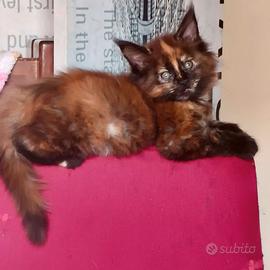 Splendide cucciole Maine Coon XXL prezzo special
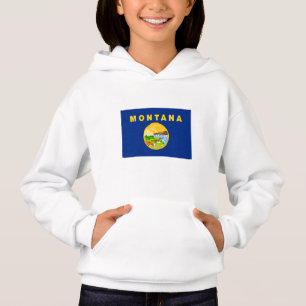Montana State Flag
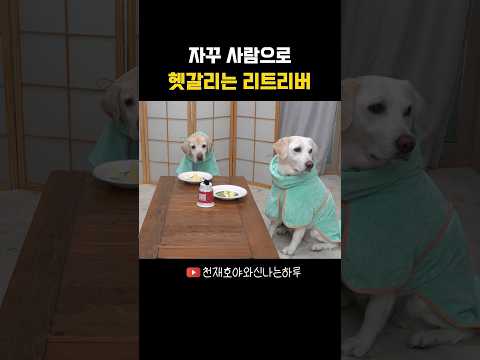 자꾸 사람으로 헷갈리는 리트리버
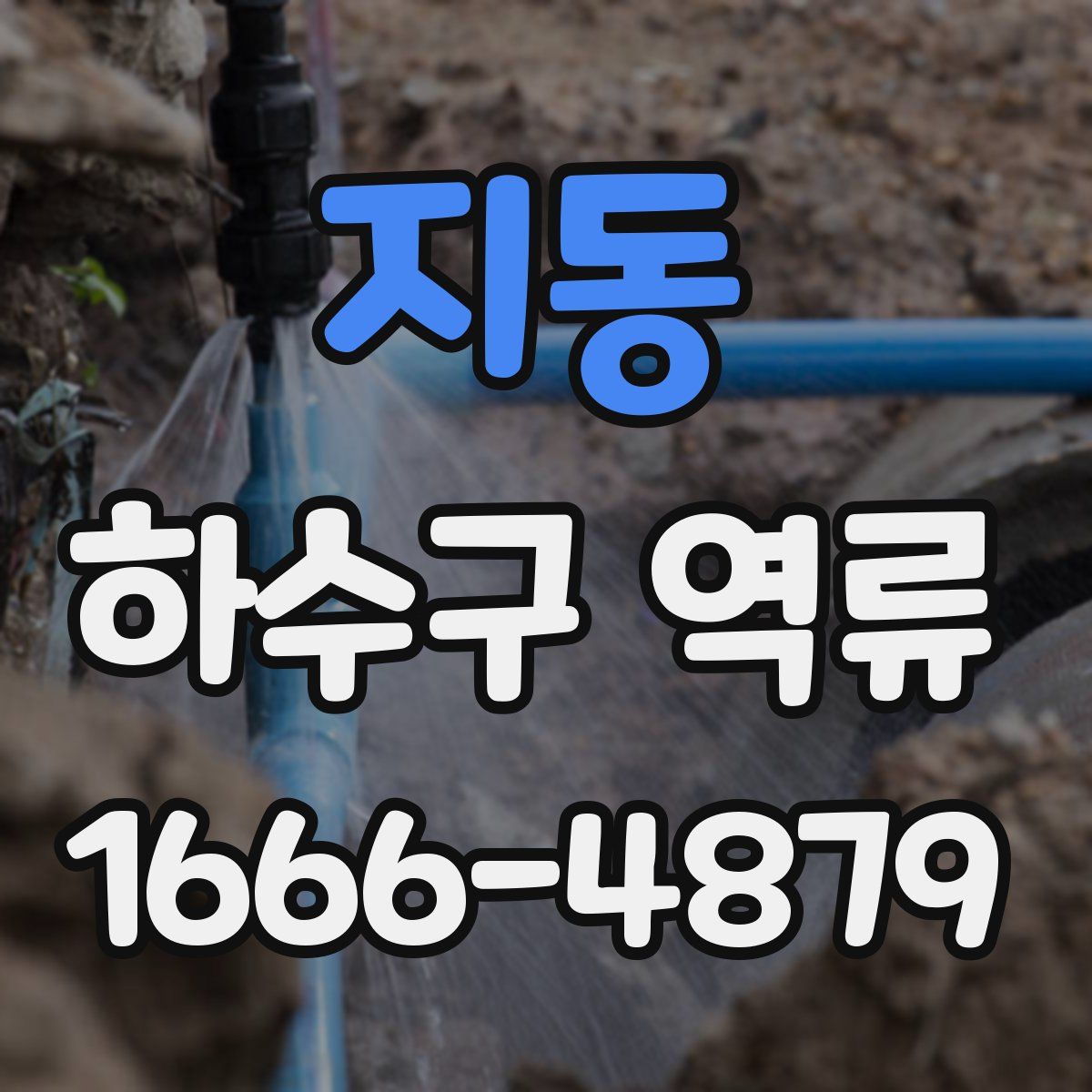 지동 하수구 역류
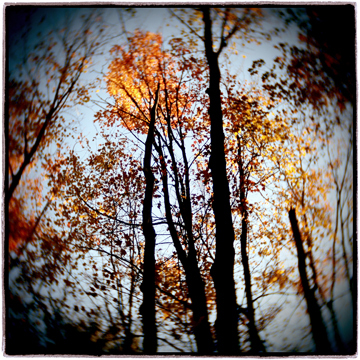 image001
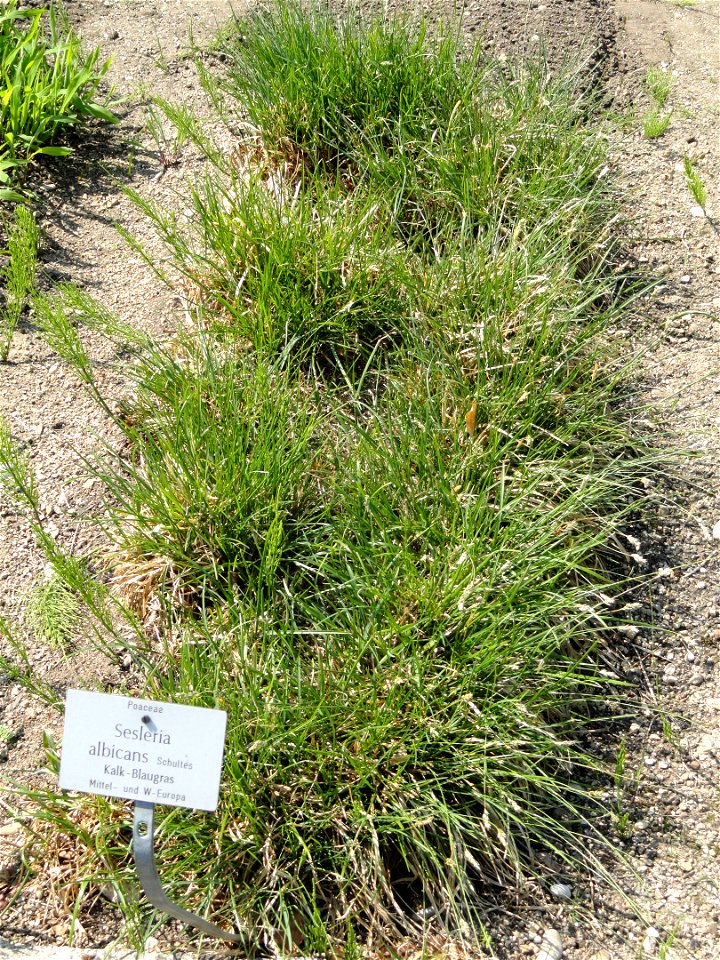 Sesleria albicans specimen in the Botanischer Garten München-Nymphenburg, Munich, Germany.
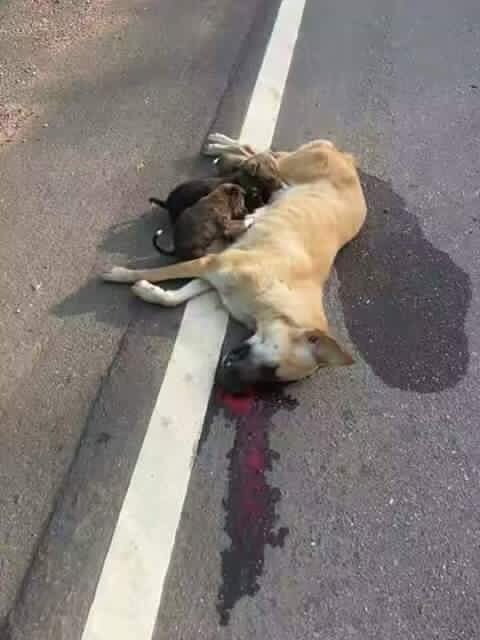 While driving respect animals like we respect humans. They are living beings too.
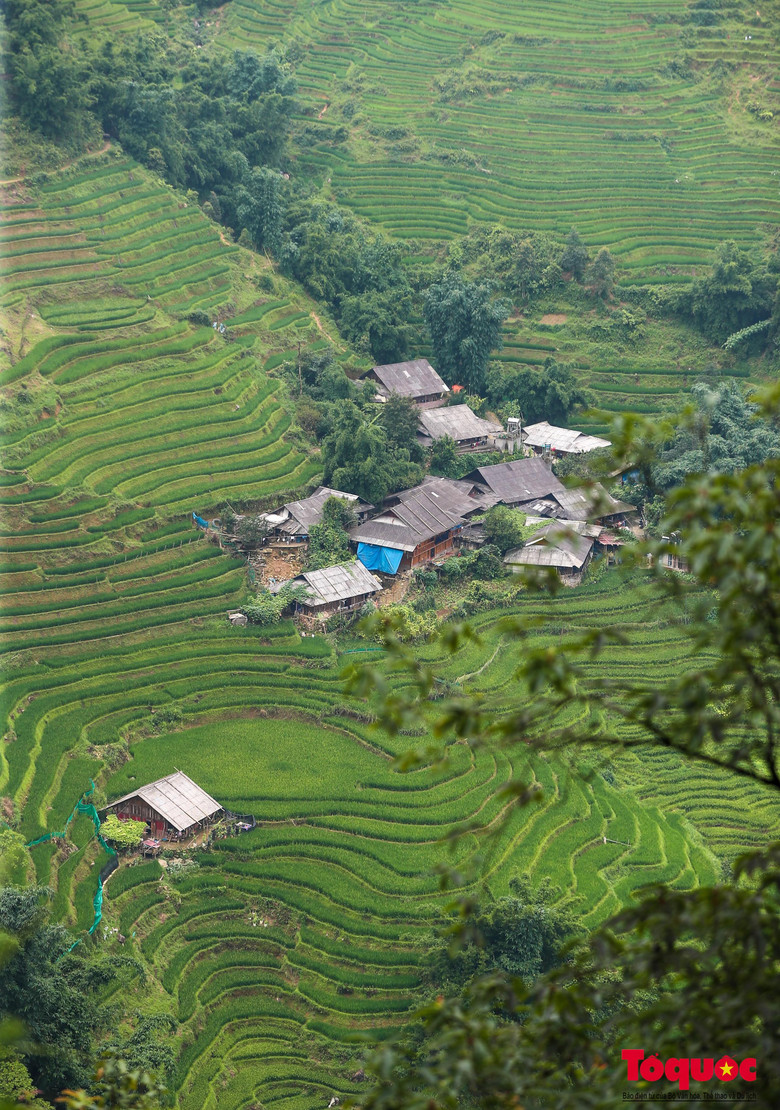 Nơi đây không chỉ đẹp vào mùa lúa chín, mùa nước đổ, mà một bức tranh xanh thẳm, mát mắt giữa những tháng hè oi ả cũng làm say đắm biết bao người.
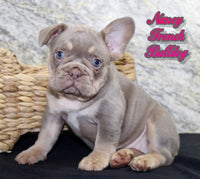 Nancy Female AKC French Bulldog $1400
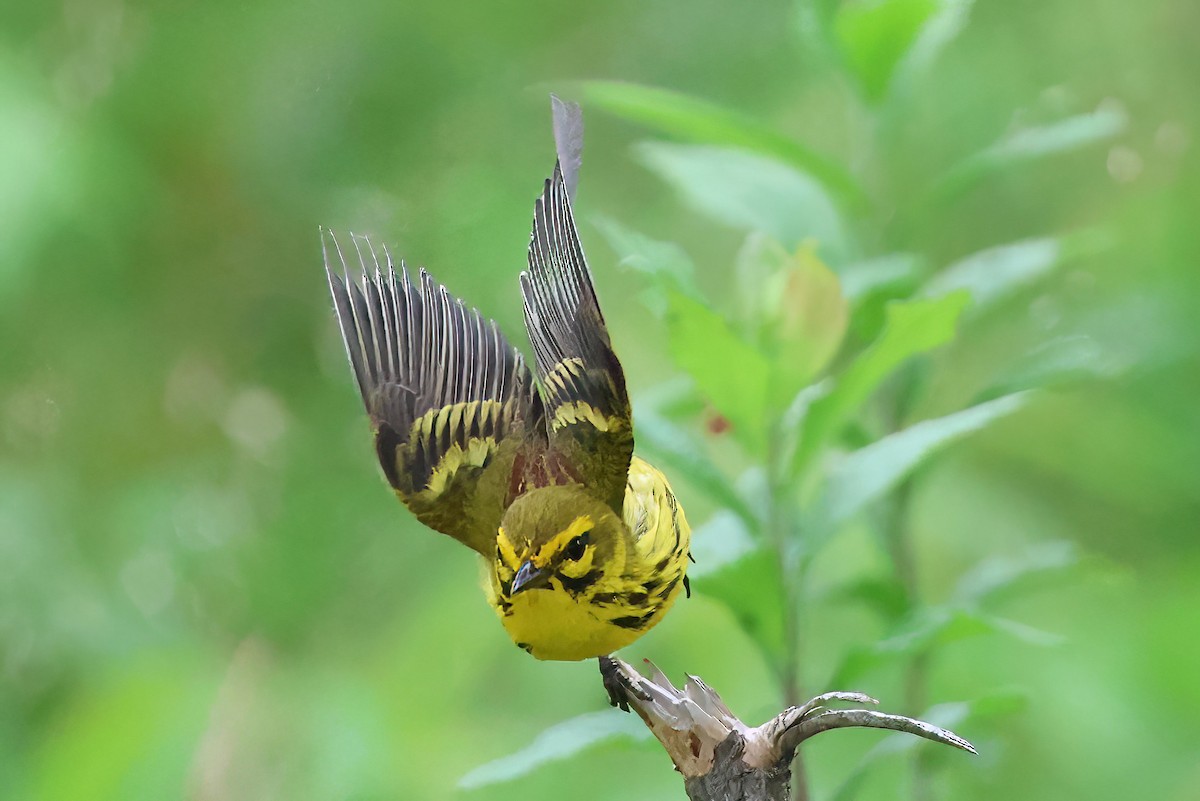 Prairie Warbler - ML638302618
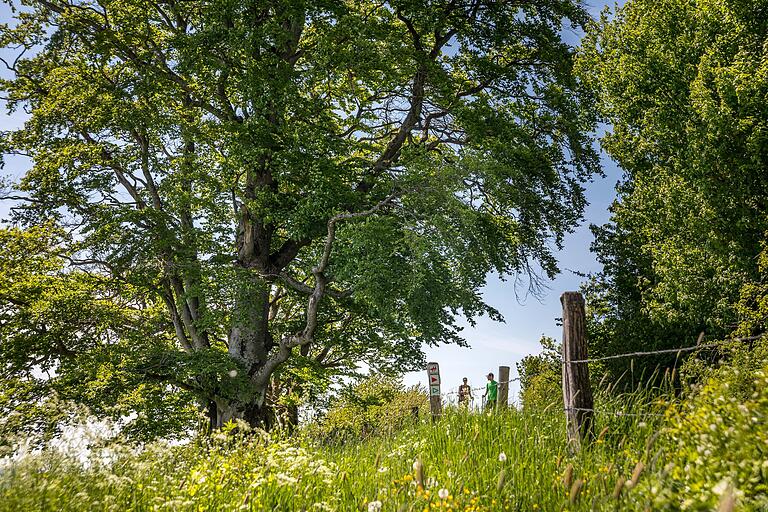 &nbsp;'Der Hilderser' begeistert mit einer wunderbar abwechslungsreichen Naturlandschaft durch Wälder, Schluchten und Höhen.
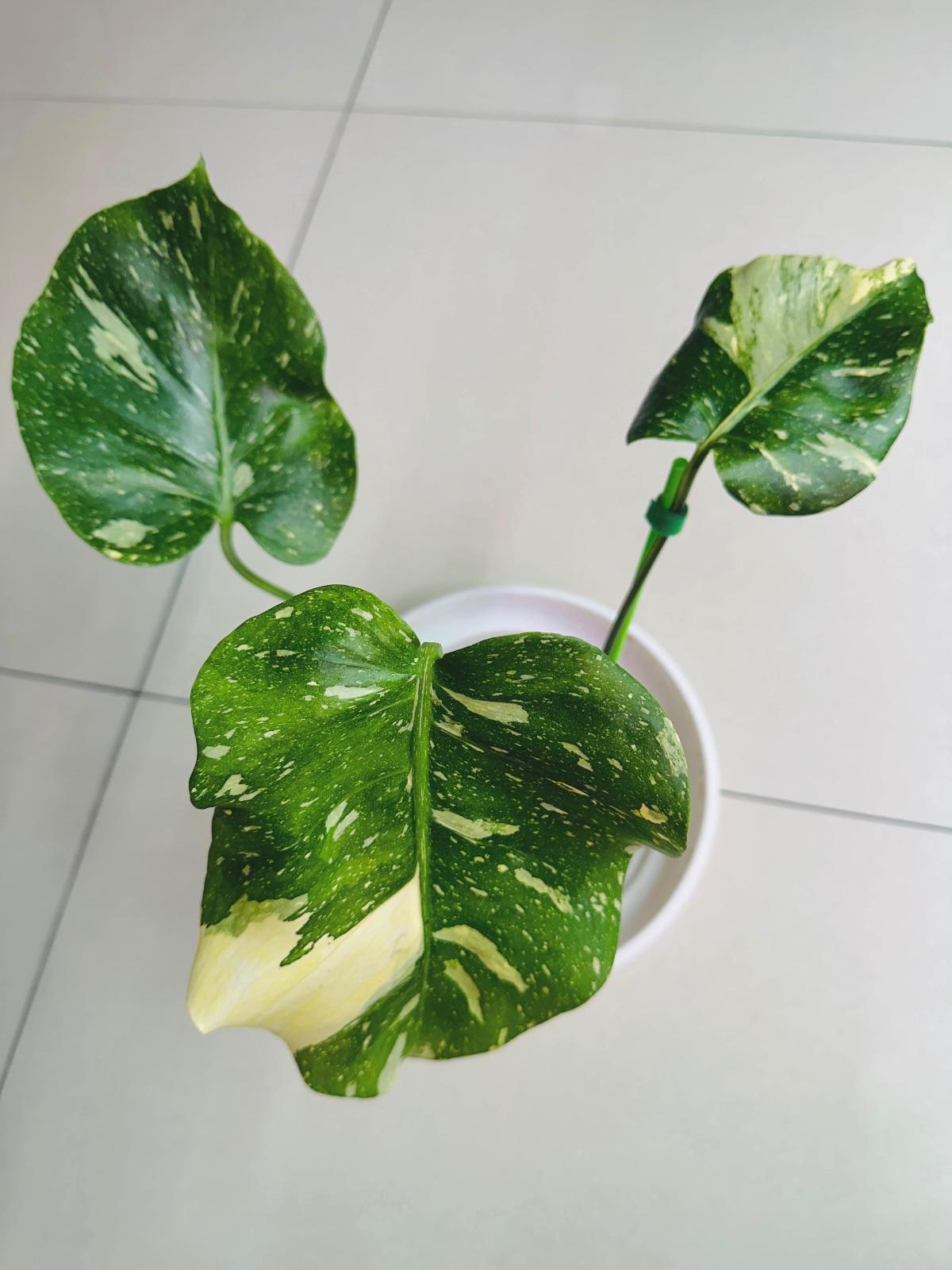 Monstera Yoda — photograph 1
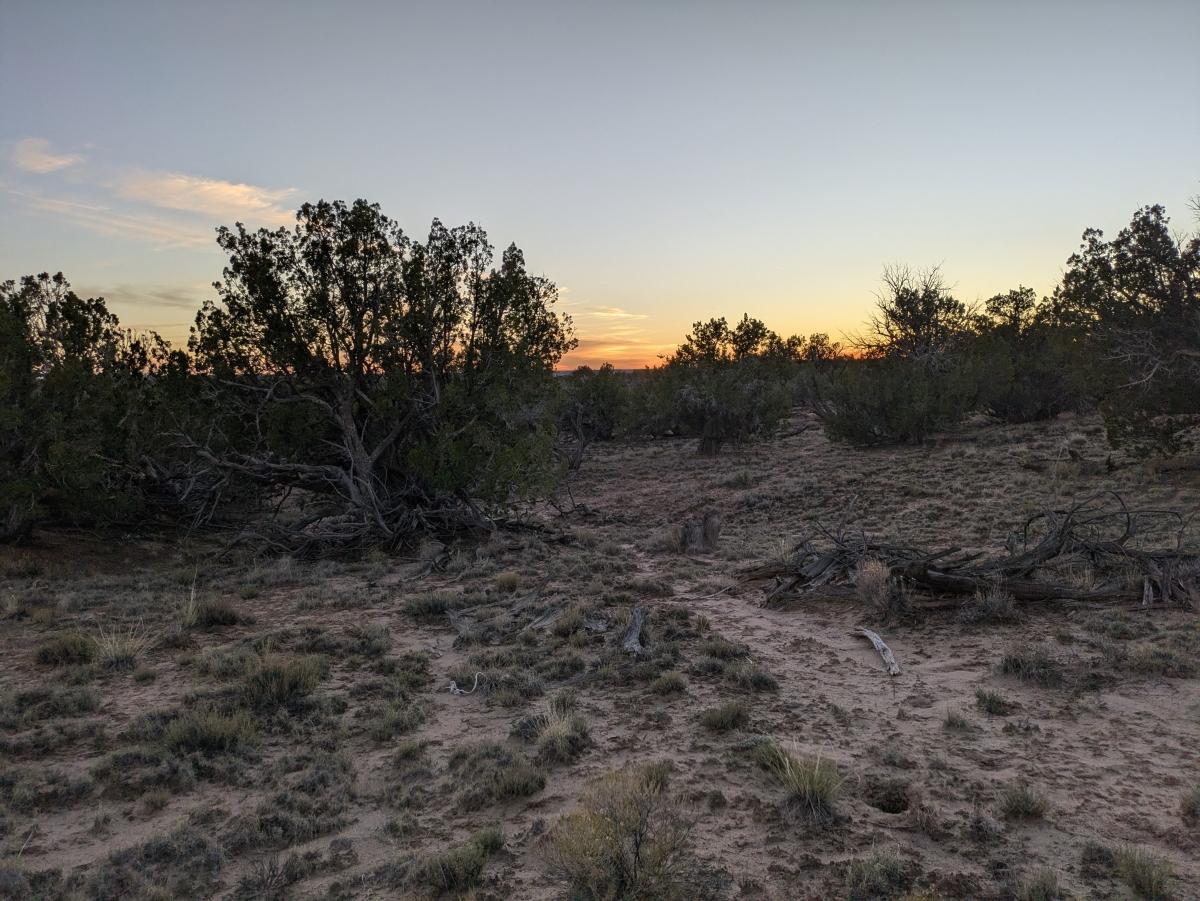 1.26 Acres for Sale in Chambers, Arizona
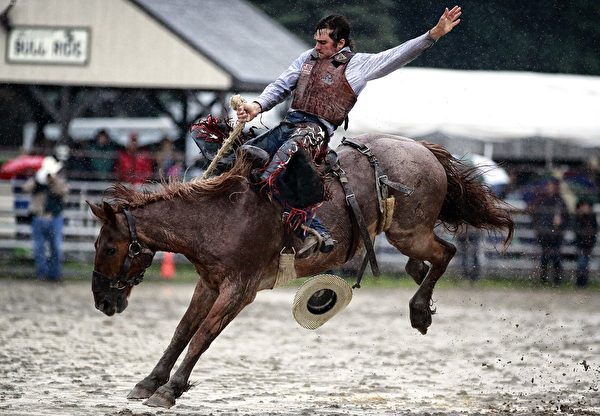 Rodeo,美国西部的牛仔马术竞技(公共领域)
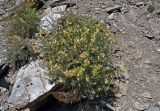 Lagochilus seravschanicus. Цветущее растение. Таджикистан, Фанские горы, ущелье Куликалон, ≈ 2700 м н.у.м., осыпающийся каменистый склон. 04.08.2017.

**Exercise instructions**
Restate word for word the lines from the one holding "While driving respect" down through the last line of the records above, and do not include the pictures.

**Solution**
 While driving respect animals like we respect humans. They are living beings too.
 Nơi đây không chỉ đẹp vào mùa lúa chín, mùa nước đổ, mà một bức tranh xanh thẳm, mát mắt giữa những tháng hè oi ả cũng làm say đắm biết bao người.
 Nancy Female AKC French Bulldog $1400
 Prairie Warbler - ML638302618
 &nbsp;'Der Hilderser' begeistert mit einer wunderbar abwechslungsreichen Naturlandschaft durch Wälder, Schluchten und Höhen.
 Monstera Yoda — photograph 1
 1.26 Acres for Sale in Chambers, Arizona
 Rodeo,美国西部的牛仔马术竞技(公共领域)
 Lagochilus seravschanicus. Цветущее растение. Таджикистан, Фанские горы, ущелье Куликалон, ≈ 2700 м н.у.м., осыпающийся каменистый склон. 04.08.2017.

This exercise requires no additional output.